● **What you are asked to do**
What lines below include the string "Long"? Pick them out and copy them.

==== Data to process ====

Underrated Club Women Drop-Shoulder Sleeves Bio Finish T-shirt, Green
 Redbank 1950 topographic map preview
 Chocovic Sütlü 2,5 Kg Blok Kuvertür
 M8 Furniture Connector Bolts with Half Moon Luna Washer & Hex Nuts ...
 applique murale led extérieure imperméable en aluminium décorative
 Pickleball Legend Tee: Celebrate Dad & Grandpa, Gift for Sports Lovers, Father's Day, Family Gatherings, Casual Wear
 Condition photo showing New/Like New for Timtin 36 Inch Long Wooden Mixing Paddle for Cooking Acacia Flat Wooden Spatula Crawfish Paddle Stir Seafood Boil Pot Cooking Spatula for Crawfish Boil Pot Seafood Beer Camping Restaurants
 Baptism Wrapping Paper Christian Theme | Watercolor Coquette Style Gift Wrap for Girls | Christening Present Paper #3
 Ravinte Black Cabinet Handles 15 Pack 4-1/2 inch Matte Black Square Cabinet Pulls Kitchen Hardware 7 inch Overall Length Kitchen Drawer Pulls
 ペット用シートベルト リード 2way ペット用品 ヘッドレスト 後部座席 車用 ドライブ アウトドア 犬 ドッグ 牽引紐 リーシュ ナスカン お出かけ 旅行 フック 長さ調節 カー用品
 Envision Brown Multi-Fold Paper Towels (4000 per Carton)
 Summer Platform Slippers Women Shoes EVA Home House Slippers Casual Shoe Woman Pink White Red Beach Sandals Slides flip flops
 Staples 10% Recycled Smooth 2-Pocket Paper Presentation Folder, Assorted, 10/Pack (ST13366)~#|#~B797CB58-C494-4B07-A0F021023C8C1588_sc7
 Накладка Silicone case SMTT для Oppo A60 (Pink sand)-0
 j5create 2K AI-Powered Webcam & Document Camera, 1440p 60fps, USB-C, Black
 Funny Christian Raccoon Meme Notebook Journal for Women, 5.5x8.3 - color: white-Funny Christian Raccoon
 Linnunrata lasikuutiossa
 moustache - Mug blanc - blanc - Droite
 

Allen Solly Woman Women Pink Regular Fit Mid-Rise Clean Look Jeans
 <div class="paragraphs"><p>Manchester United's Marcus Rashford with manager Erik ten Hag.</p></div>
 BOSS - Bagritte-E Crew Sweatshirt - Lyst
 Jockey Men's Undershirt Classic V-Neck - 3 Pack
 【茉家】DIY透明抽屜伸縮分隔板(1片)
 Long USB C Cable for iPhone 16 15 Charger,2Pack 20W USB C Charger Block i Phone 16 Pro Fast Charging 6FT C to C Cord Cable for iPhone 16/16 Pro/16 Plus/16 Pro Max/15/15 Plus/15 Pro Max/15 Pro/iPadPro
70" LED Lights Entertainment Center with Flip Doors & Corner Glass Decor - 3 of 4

====

● **Your response**
 Condition photo showing New/Like New for Timtin 36 Inch Long Wooden Mixing Paddle for Cooking Acacia Flat Wooden Spatula Crawfish Paddle Stir Seafood Boil Pot Cooking Spatula for Crawfish Boil Pot Seafood Beer Camping Restaurants
 Long USB C Cable for iPhone 16 15 Charger,2Pack 20W USB C Charger Block i Phone 16 Pro Fast Charging 6FT C to C Cord Cable for iPhone 16/16 Pro/16 Plus/16 Pro Max/15/15 Plus/15 Pro Max/15 Pro/iPadPro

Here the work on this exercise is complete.